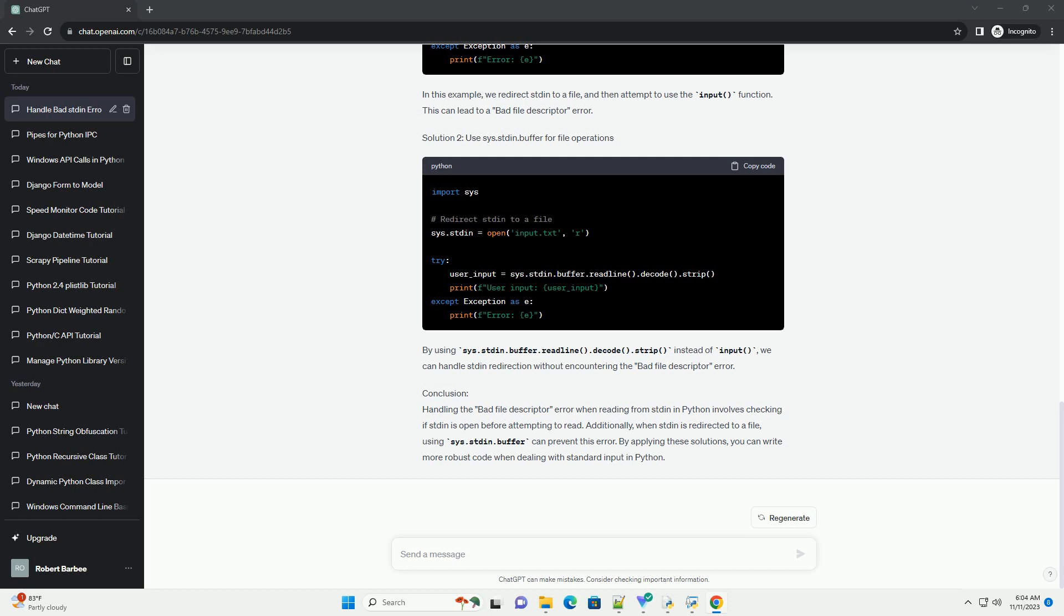ChatGPT Title: Handling Bad File Descriptor Error When Reading from Stdin in Python. Introduction: When working with input from the standard input, stdin, in Python, you might encounter a Bad File Descriptor Error. This error typically occurs when attempting to read from a closed or invalid file descriptor. In this tutorial, we'll explore common scenarios leading to this error and provide solutions to handle it gracefully.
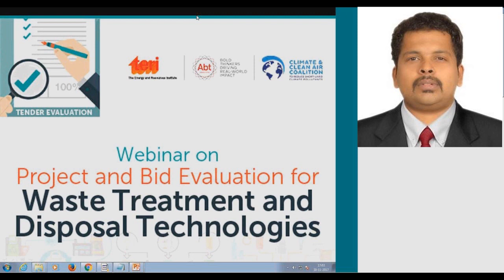Good evening and welcome to this webinar session on project and bid evaluation for waste treatment and disposal technologies. This is part of the ongoing series of webinars under the Climate and Clean Air Initiative, CCAC. The CCAC was launched by the UNEP and aims to catalyze rapid reductions in short-lived climate pollutants to protect human health, agriculture, and environment.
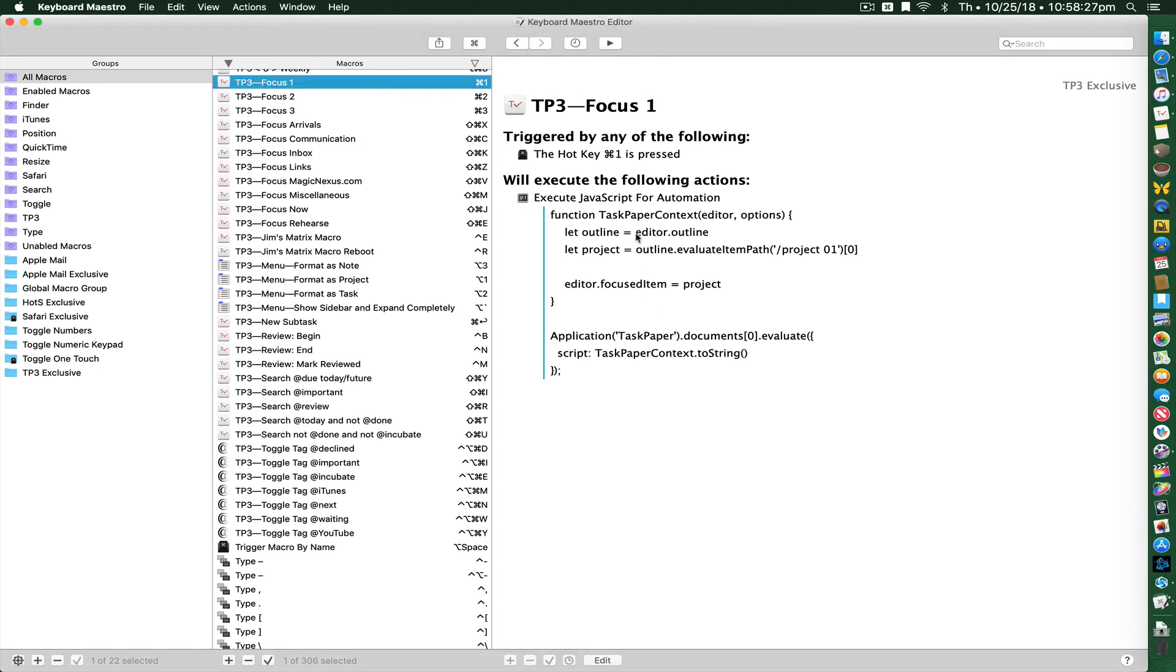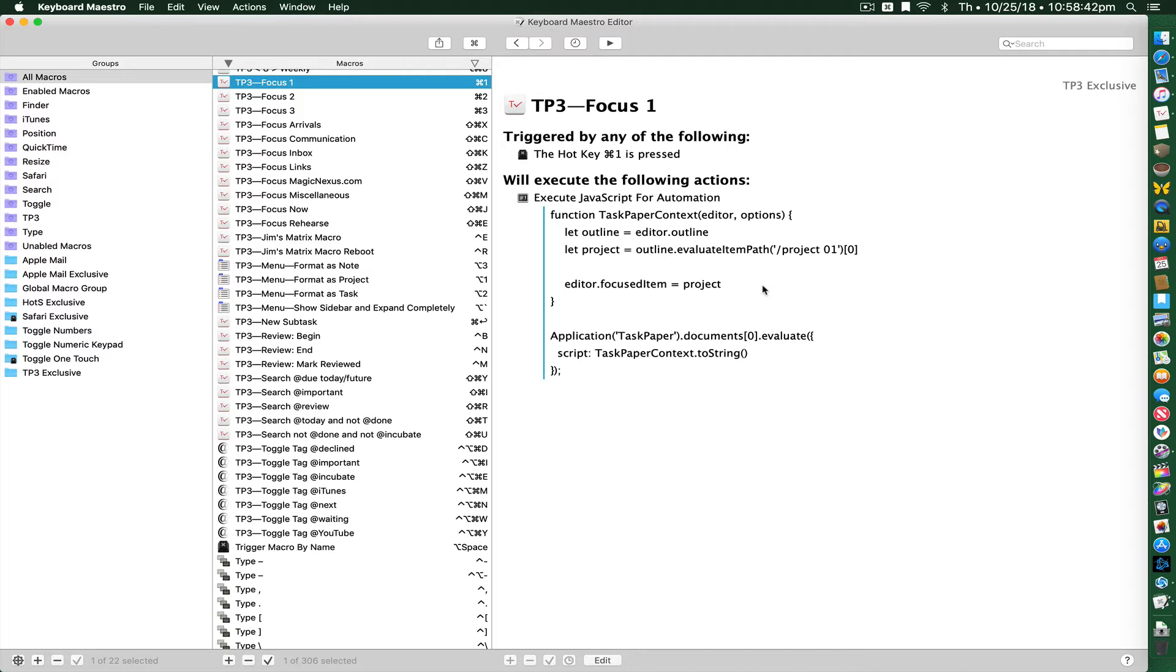After playing around with the script that I suggested you use, I've discovered that if you want to preface your projects with an identifier such as a number, we can use this script to search just for the number. That way you don't even have to go in and edit the macro at any time.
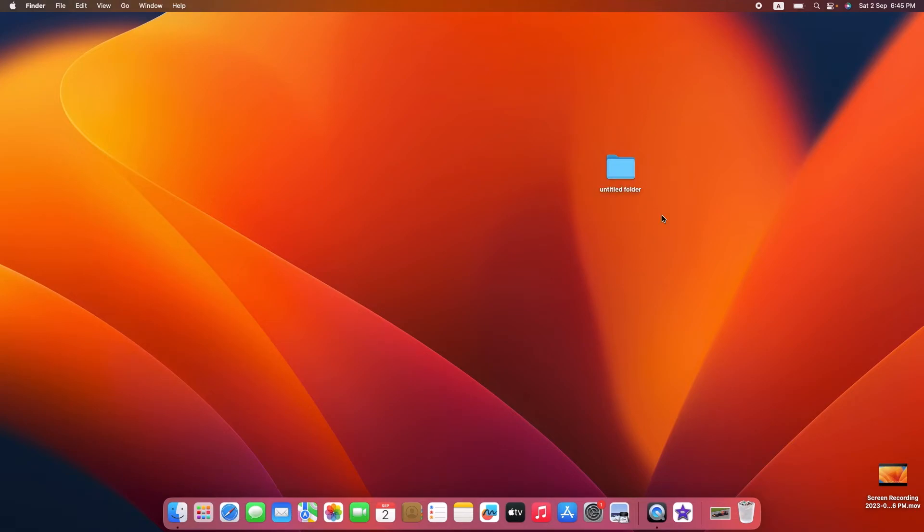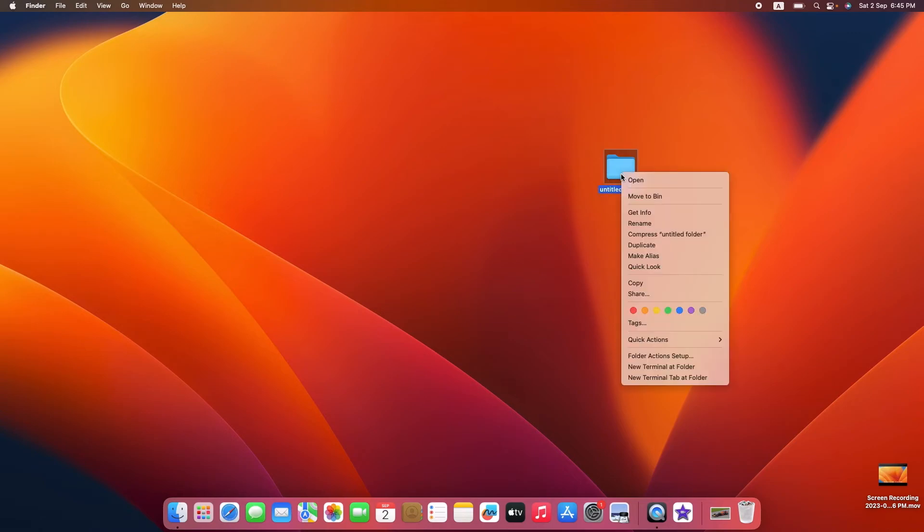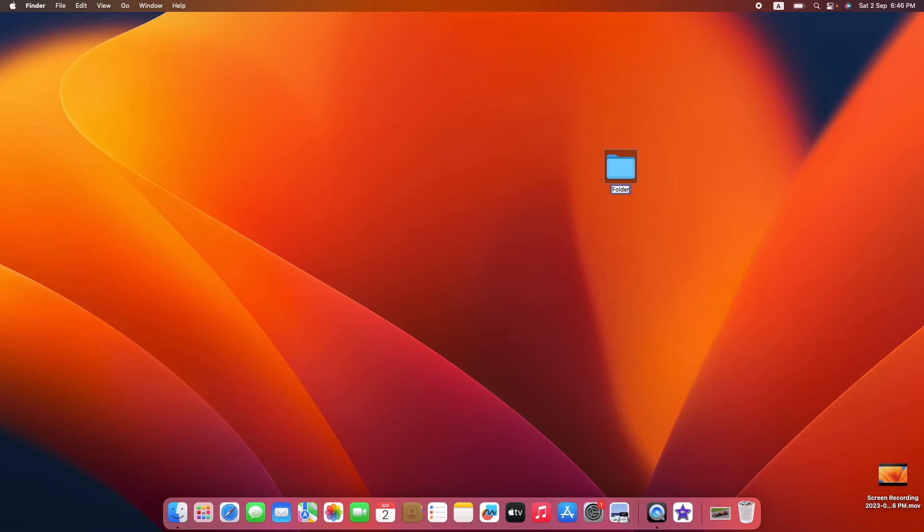So again, right-click on the folder and then click on Rename. Press the Enter button and the folder will be renamed accordingly.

• **PROBLEM**: Give all the lines above again, character for character, without pictures.

• **THE COMPLETED TASK**:
ChatGPT Title: Handling Bad File Descriptor Error When Reading from Stdin in Python. Introduction: When working with input from the standard input, stdin, in Python, you might encounter a Bad File Descriptor Error. This error typically occurs when attempting to read from a closed or invalid file descriptor. In this tutorial, we'll explore common scenarios leading to this error and provide solutions to handle it gracefully.
Good evening and welcome to this webinar session on project and bid evaluation for waste treatment and disposal technologies. This is part of the ongoing series of webinars under the Climate and Clean Air Initiative, CCAC. The CCAC was launched by the UNEP and aims to catalyze rapid reductions in short-lived climate pollutants to protect human health, agriculture, and environment.
After playing around with the script that I suggested you use, I've discovered that if you want to preface your projects with an identifier such as a number, we can use this script to search just for the number. That way you don't even have to go in and edit the macro at any time.
So again, right-click on the folder and then click on Rename. Press the Enter button and the folder will be renamed accordingly.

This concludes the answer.